5 Temmuz 2019 Cuma

Eski Yunan ile Roma


Eski
Yunan ile Roma döneminde kadına bakış ile Arapların kadına bakışı
arasında hiçbir fark yoktu. Kadın hep bir zevk unsuru, köle, cariye,
hizmetçi olarak görülmüştü. Hatta Avrat-Avret kelimesi bile saklanılması
gereken eşya-cinsel organ anlamına geliyordu. Eski Çin'de de durum
farklı değildi; hizmetçi olarak görülen kadınlara isim bile verilmez,
kadın bir, kadın iki, kadın 3 diye sayılırdı. Tanıklığı da kabul
edilmezdi. Ortaçağda kadın bilgelik yolunu seçmişse, vay haline; cadı
diye avlanırdı. Fakat yalnızca Türkler kadını bereket sembolü, yerin ve
göğün evladı olarak görmüştür. Katunun rızası ve imzası olmadan Kağanın
yaptığı anlaşma bile geçerli sayılmıyordu. Çin ile ilk anlaşmayı, Mete
Han'ın hatunu yaparken; Avrupa Hun Türklerinde resmi görüşmeleri
Attila'nın hatunu yapıyordu. Türk mitolojisinde ise kadın artık
tanrısallaşmıştır. Yaradılış destanında Ak Ana, sudan yaratma fikrini
Ülgen'e verirken, en meşhur figürlerden Umay Ana Orhun Yazıtlarında bile
yer almış. Nitekim yazıtlarda ''Umay gibi, annem hatunun şerefine küçük
kardeşime Kül Tigin adı verildi. Babam İlteriş kağan, anam İlbilge
hatunu Tengri yukarıdan idare ederek yükseltmiş.'' demektedir. Yine Türk
mitolojisinde Asena yol gösteri tanrıçayken, Ötügen ise toprak anaya
verilen isimlerden biridir. Dikkat edileceği üzere Türkler mezarlıkları
düz değil, yükseltilmiş ve yuvarlatılmış şekilde yapıyor. Bunun sebebi,
Türklerin yeniden doğuşa inanıyor olmasından ötürü mezarlıkları hamile
bir kadının karnına benzeterek, toprağın bir ana gibi tekrar insanı
doğuracak olmasına inanmasıdır. Türklerde kadın bu kadar kutsal bir
noktadayken, son 1000 yıl boyunca Türk kadınının resmi hakkı alınmış,
sosyal hayatı kısıtlanmış, eve kapatılmış, tanıklığı bile kalmamıştır.

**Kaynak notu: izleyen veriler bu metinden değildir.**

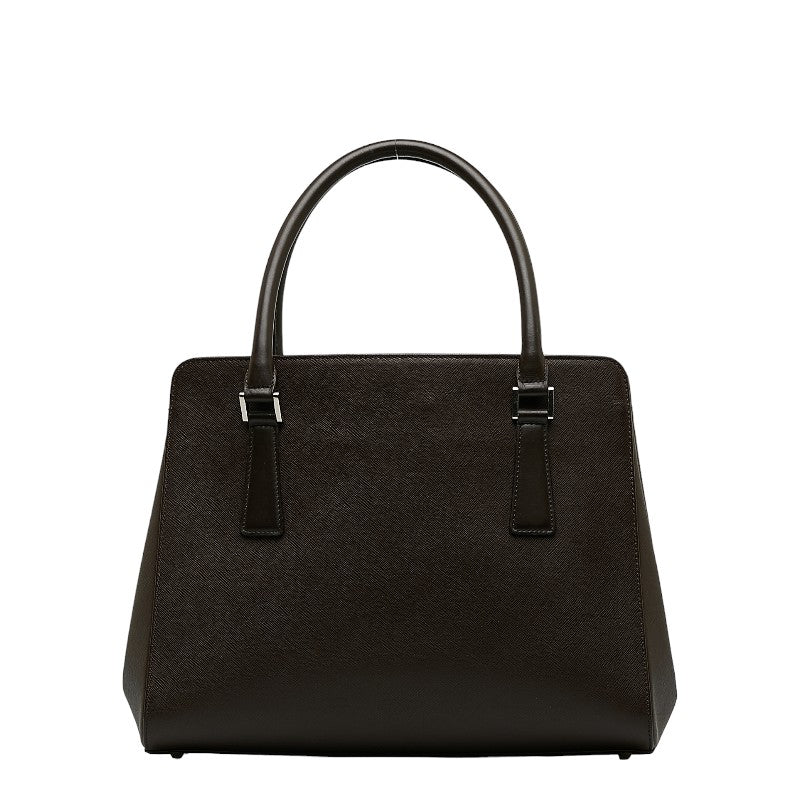 Burberry Nova Check Handbags Brown Leather Burberry
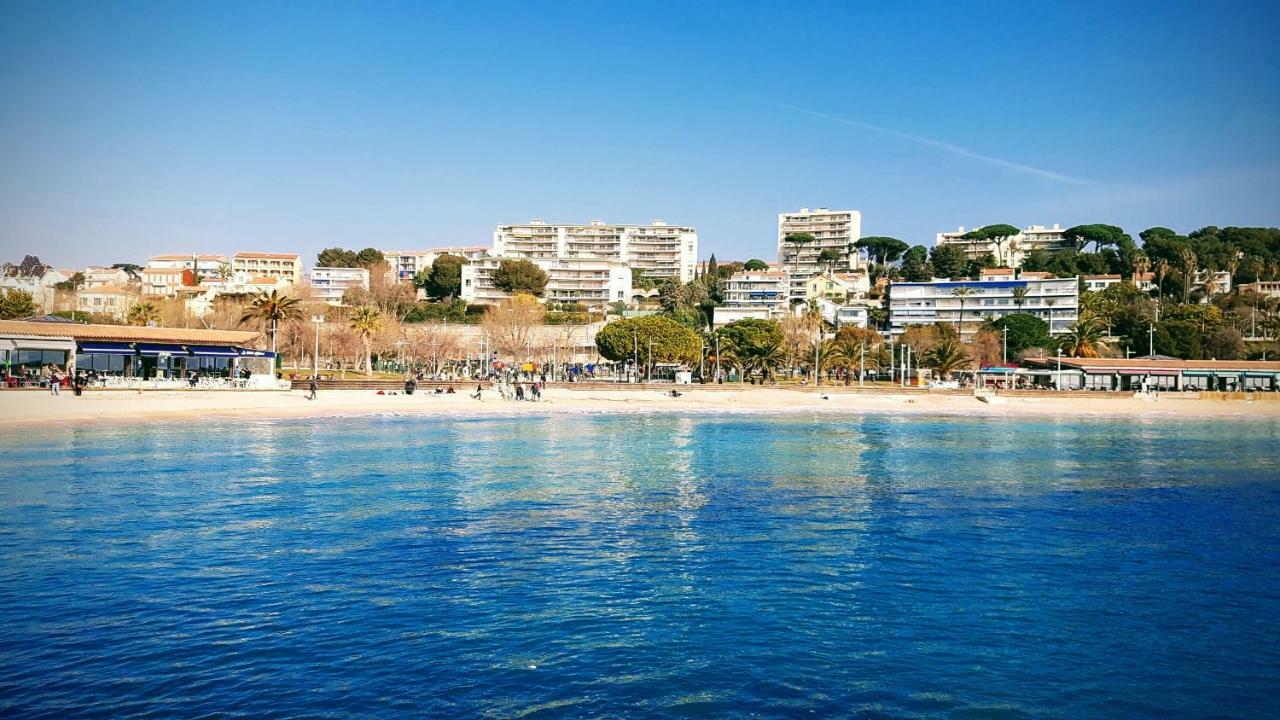 Studio 30 M2 500M Plages Mourillon 3 Personnes Toulon Dış mekan fotoğraf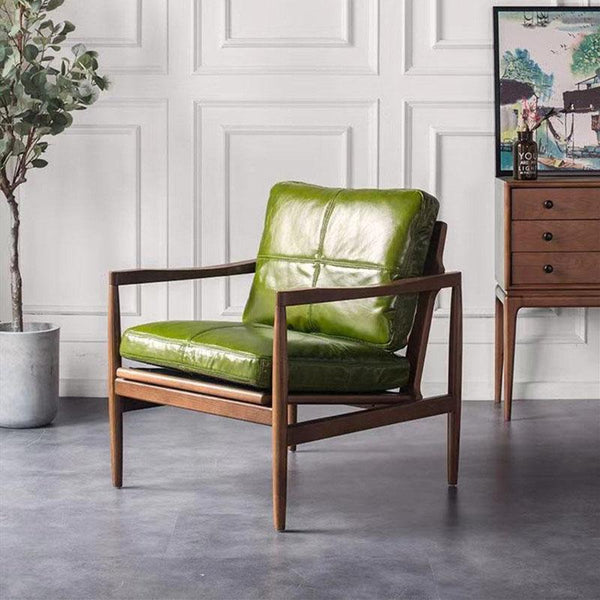 Hans Style CH22 Armchair, Solid Wood | Weilai Concept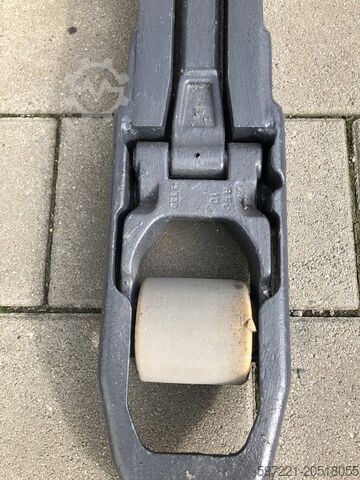 Pallet Stackers Still EXV 12i Triplexmast Initalhub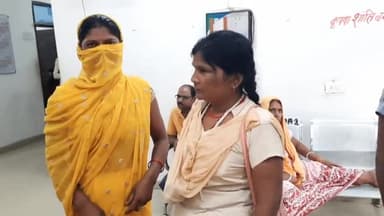 नासरीगंज: उत्पाद विभाग के पुलिस ने नासरीगंज से अवैध शराब के साथ एक महिला को किया गिरफ्तार।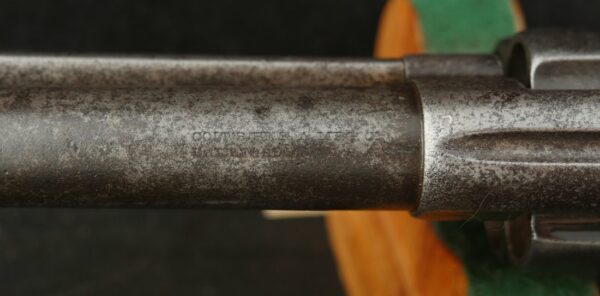 079-0524-9020, Colt SA .45 with 2 line address on a 4 3/4 inch barrel. BUY NOW - Image 17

Tüm bu hakikatleri, tüm bu tarihi gerçekleri tarihin en kanlı
savaşlarında bile bulduğu ilk fırsatta okumaktan geri durmamış bir adam,
1000 yıl sonra ilk defa ''Kadınların üzerindeki bütün baskıyı
kaldıracağım.'' dedi. Bunu dedi çünkü kadınların üretime katılmasıyla
devletin kârlı çıkacağını biliyordu. Kadınların üzerinden bütün baskıyı
kaldırmakla medeniyetin yeniden doğacağını biliyordu; çünkü kadın
medeniyet demekti. Bütün baskılar kaldırıldı. Kadına giyim kuşam
özgürlüğü verdi. Kadını üretime kattı. Kadına bir soyadı verdi. Ona
tanıklık hakkı vermekle kalmadı, onu avukat yaptı, hakim yaptı. Kadını
toplumlara öğretmen yaptı. 1000 yıl sonra tek bir adam bunu yaptı.